Co tam rozwój, co tam zdanie autorytetów. Nie jedziesz i już. Polska piłka nie straci kolejnego utalentowanego zawodnika. Prasa nie będzie pisała o exodusie młodych zawodników. Zwolennicy rodzimej myśli szkoleniowej odetchną z ulgą. Wszyscy będą zadowoleni. Wszyscy – oprócz ciebie. W końcu ktoś właśnie odarł cię z marzeń.

– Jeśli zawodnik dostał poważną możliwość dokształcania się za granicą, powinien korzystać. Młodzi są dziś odważni, znają języki, nie boją się nowych wyzwań. Chcą się uczyć od najlepszych.
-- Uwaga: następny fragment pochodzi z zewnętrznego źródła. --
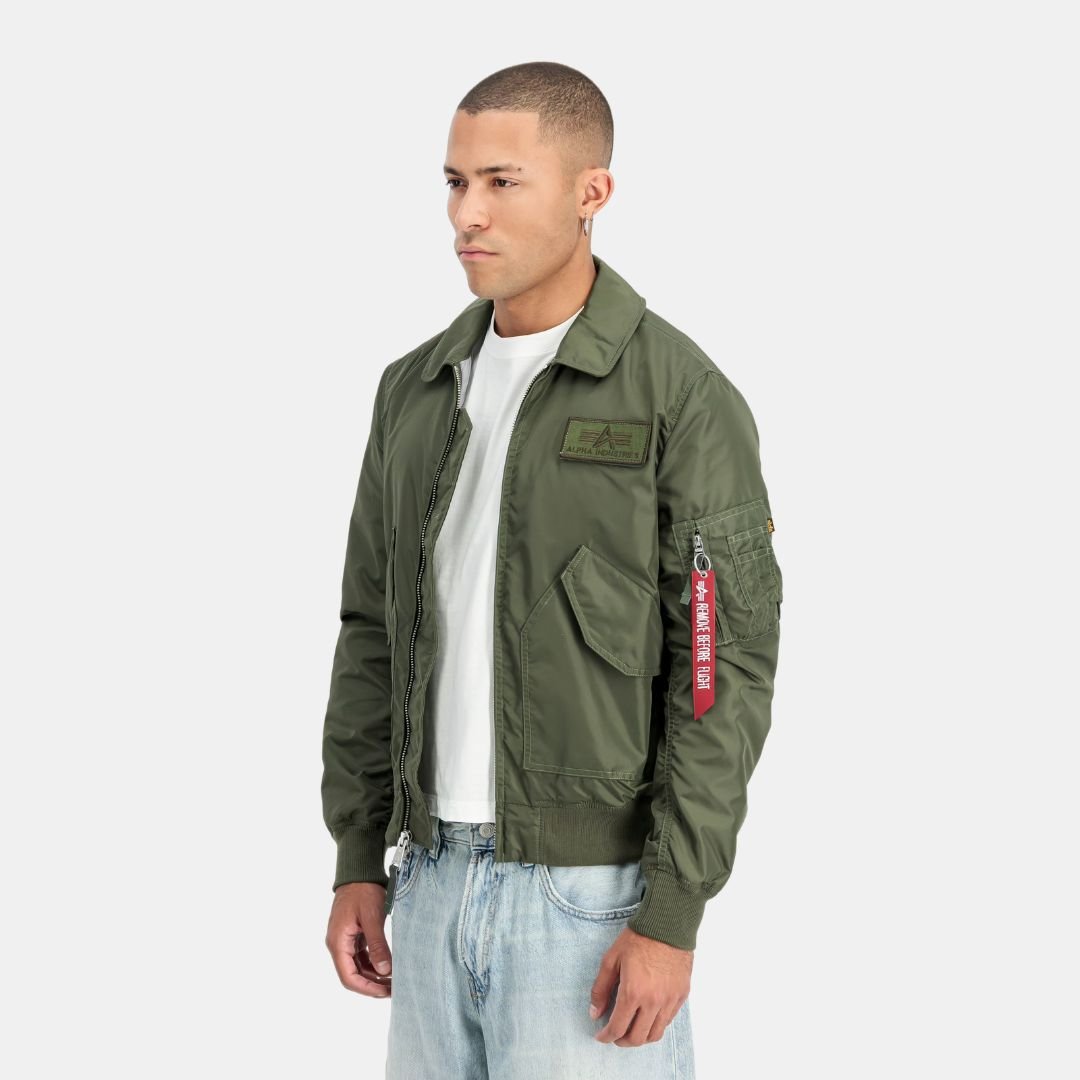 Alpha Industries CWU 36-P TT Dark Olive - Image 3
Nie powinno im się tego zabraniać – twierdzi Michał Globisz.

W ostatnich latach do szkółek piłkarskich na Zachodzie wyjechało kilkudziesięciu młodych Polaków. Co do tego, czy był to dobry ruch, zdania są podzielone. Jedni krzyczą: jechać, drudzy: zostawać. Wielu zawodników musiało obejść się smakiem nawet w przypadku zwykłych kilkudniowych obozów treningowych. Tak jak Oktawian Skrzecz, 13-latek z Lechii Gdańsk. Wyrastający ponad przeciętność otrzymał w tym roku szansę wzięcia udziału w obozie treningowym Chelsea Londyn. Władze klubu w ostatniej chwili zabroniły mu jednak wyjazdu. Wielkie plany, wielkie marzenia nie dość, że spełzły na niczym, to jeszcze zamieniły się w koszmar.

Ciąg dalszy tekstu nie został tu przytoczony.